| Work required |
When copying the data below, keep only the lines from the one with "Common Rush Case-bearer" through the one with "botanical-sciences-abnormal-seedlings", word for word, and skip the pictures.

┌─ Provided material

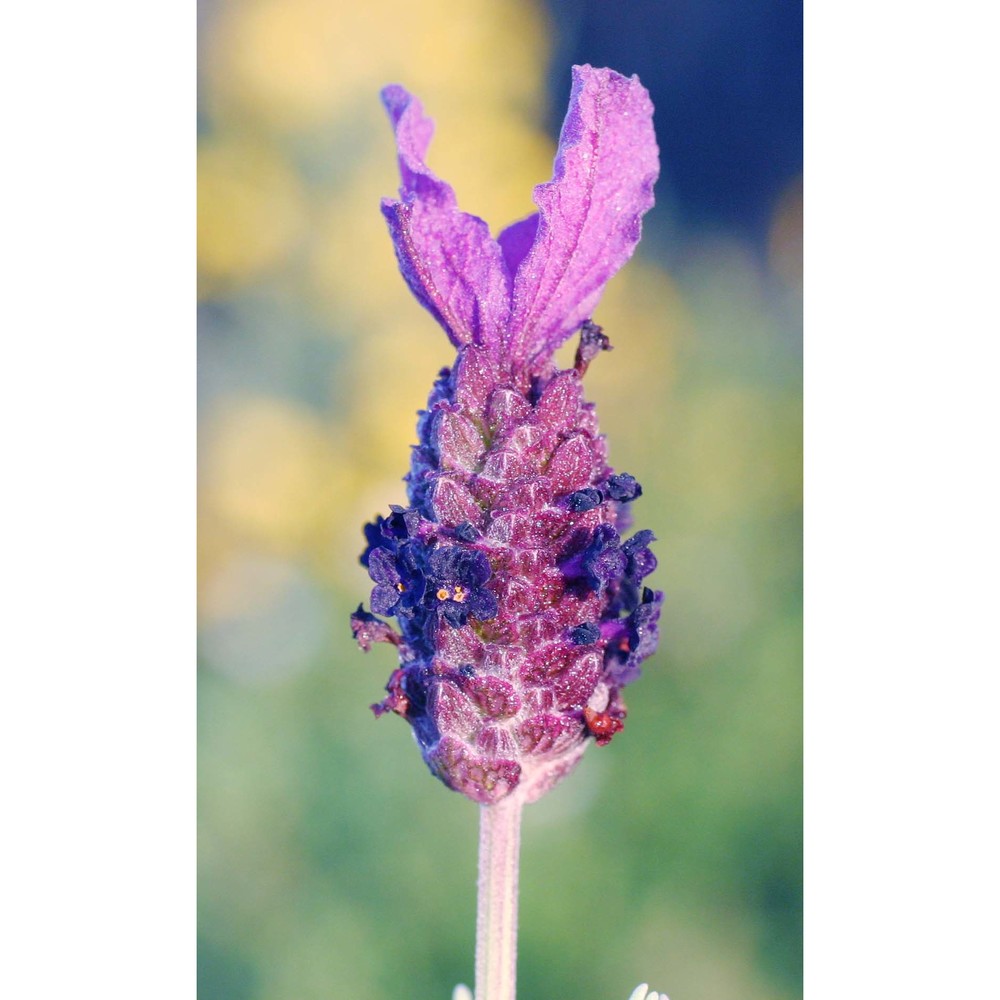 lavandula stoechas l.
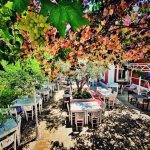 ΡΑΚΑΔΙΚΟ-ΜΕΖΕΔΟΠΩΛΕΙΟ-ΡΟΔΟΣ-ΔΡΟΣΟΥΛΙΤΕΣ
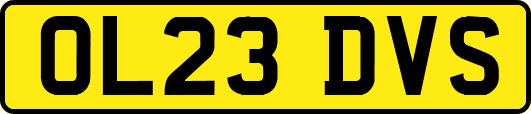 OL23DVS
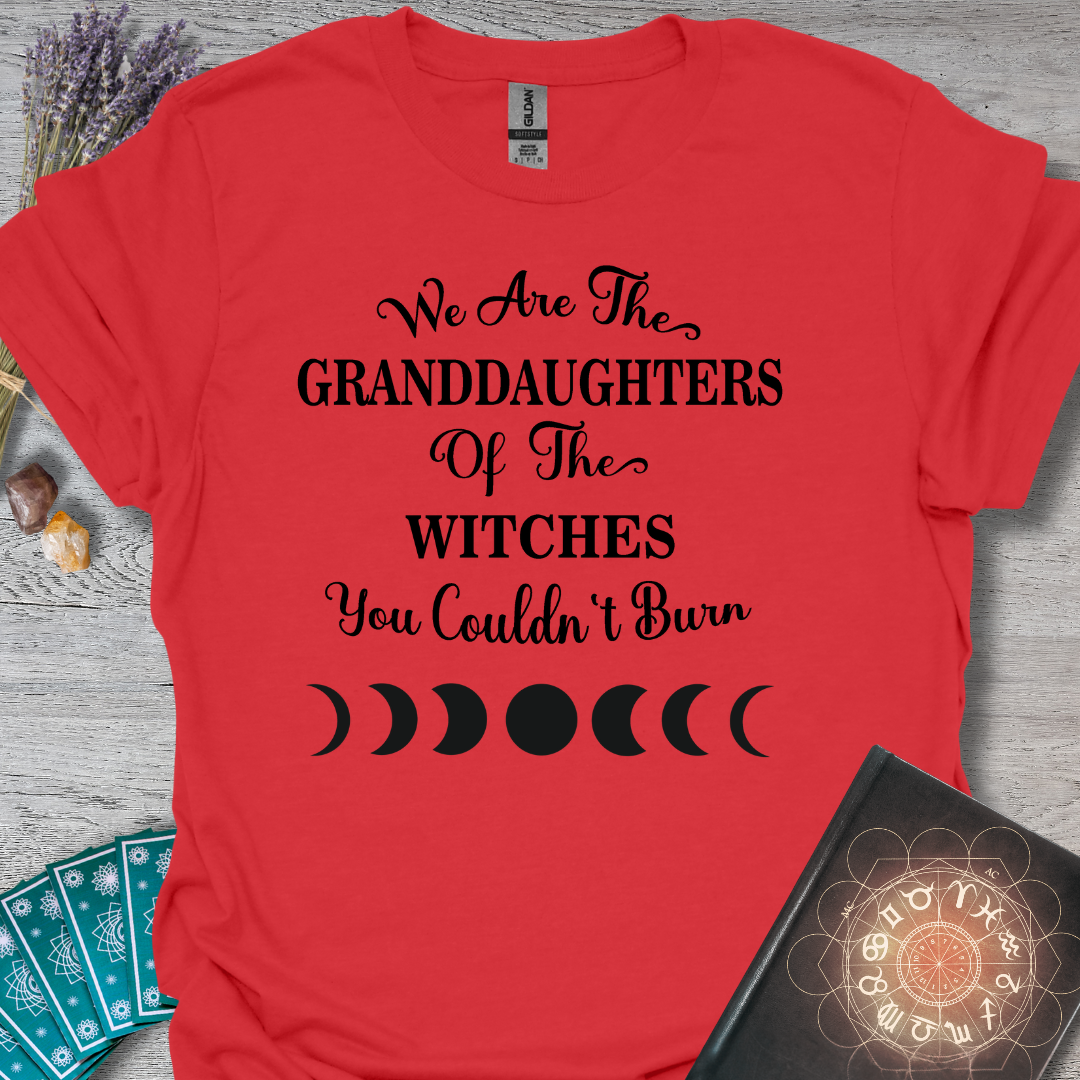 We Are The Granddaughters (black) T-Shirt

└─
┌─ Provided material

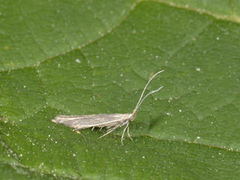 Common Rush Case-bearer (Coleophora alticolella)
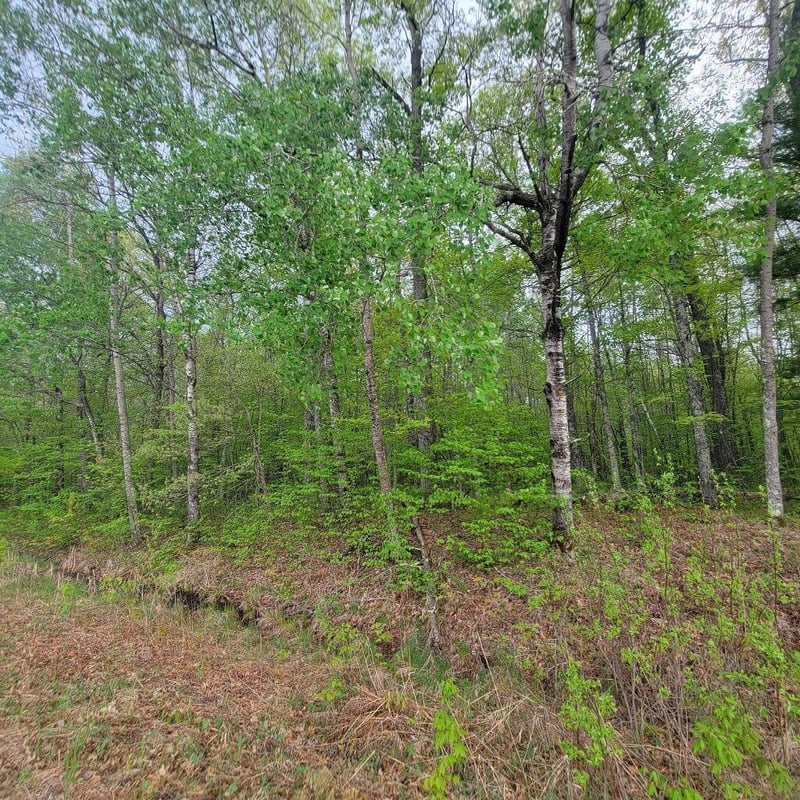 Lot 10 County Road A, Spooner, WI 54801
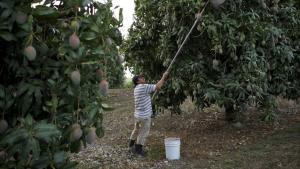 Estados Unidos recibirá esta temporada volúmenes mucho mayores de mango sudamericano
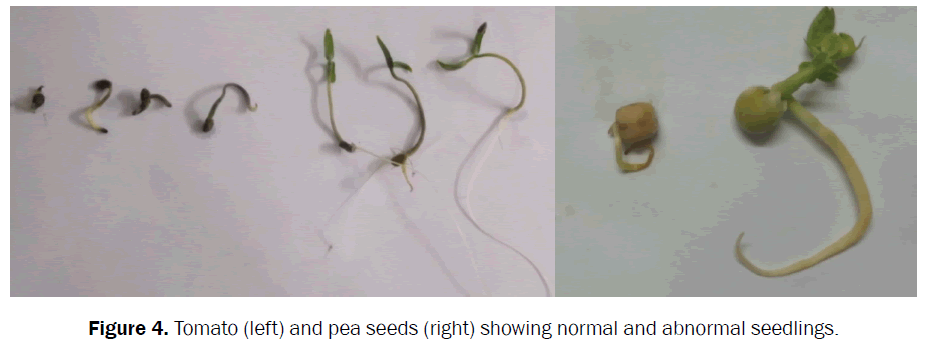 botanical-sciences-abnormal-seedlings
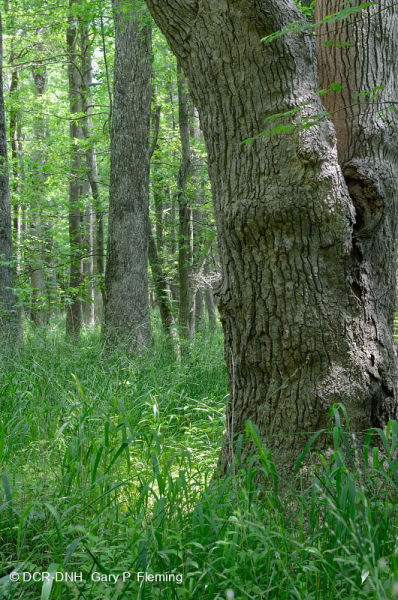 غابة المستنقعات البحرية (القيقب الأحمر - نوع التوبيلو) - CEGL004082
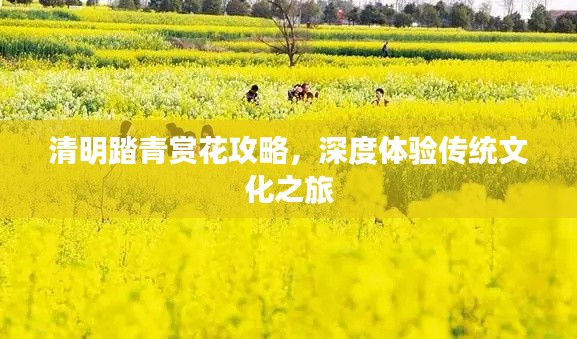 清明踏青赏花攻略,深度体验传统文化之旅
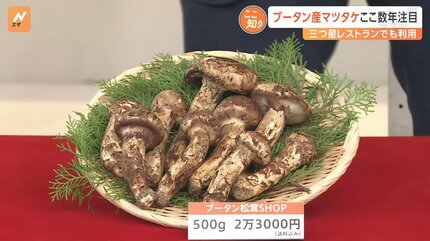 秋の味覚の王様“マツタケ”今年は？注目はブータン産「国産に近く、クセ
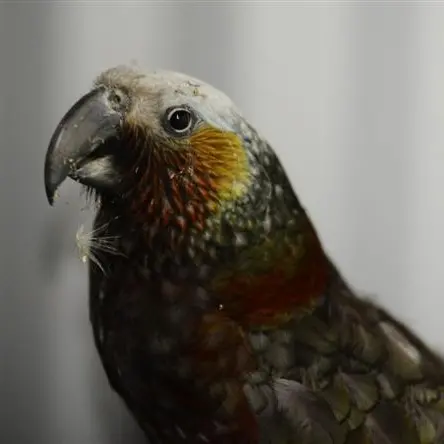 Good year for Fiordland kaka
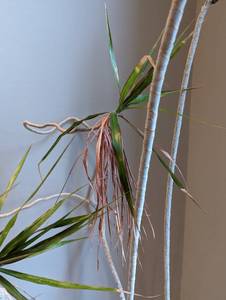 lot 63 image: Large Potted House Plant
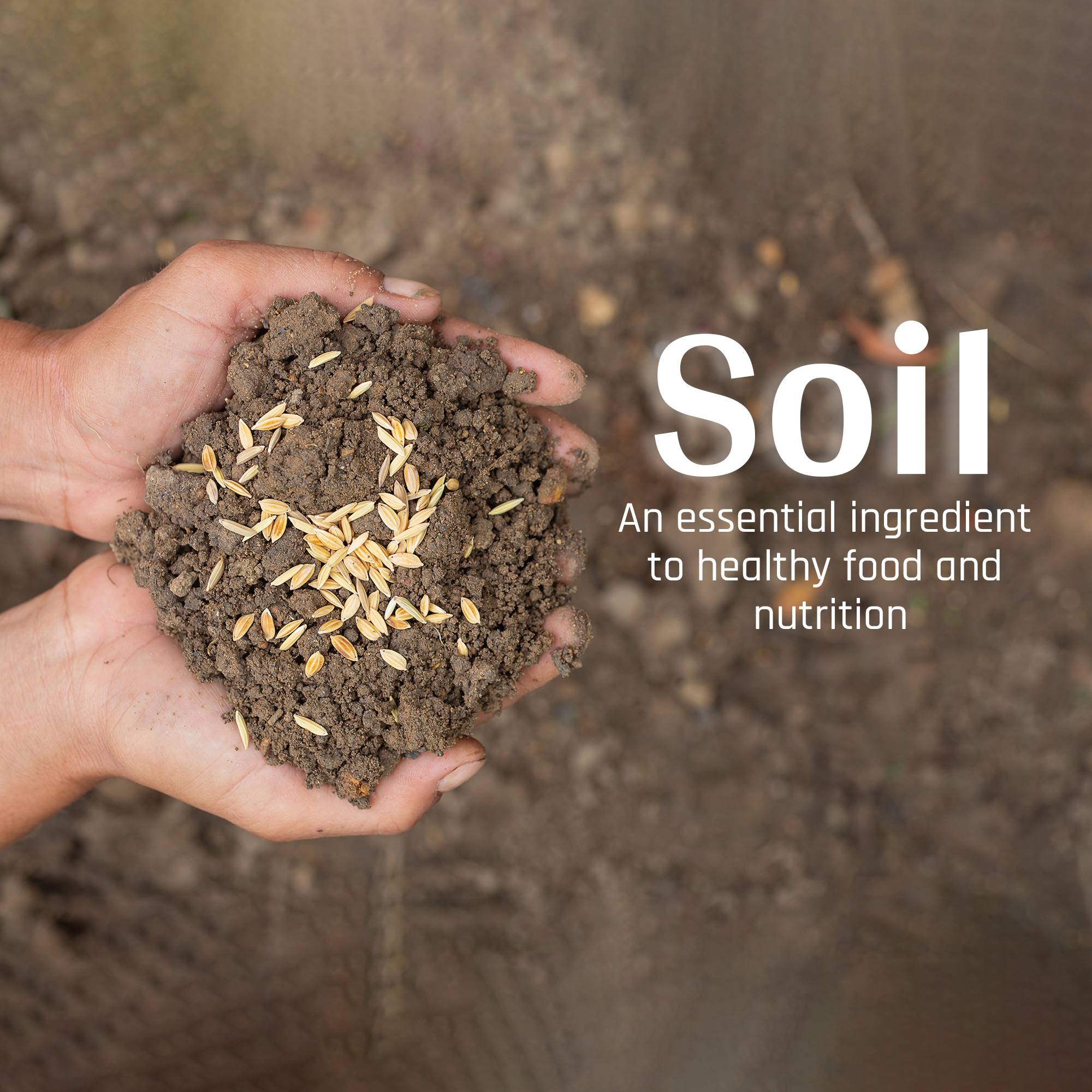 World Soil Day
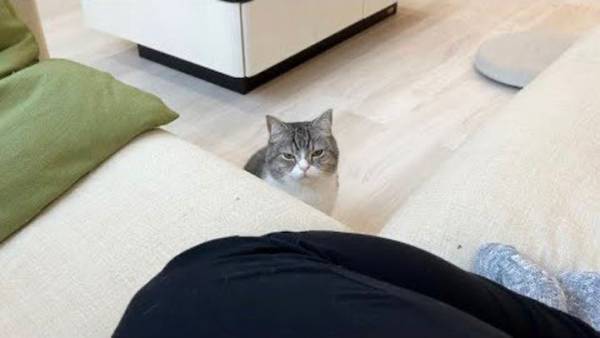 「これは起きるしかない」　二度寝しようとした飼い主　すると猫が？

└─

| Answer for the task |
 Common Rush Case-bearer (Coleophora alticolella)
 Lot 10 County Road A, Spooner, WI 54801
 Estados Unidos recibirá esta temporada volúmenes mucho mayores de mango sudamericano
 botanical-sciences-abnormal-seedlings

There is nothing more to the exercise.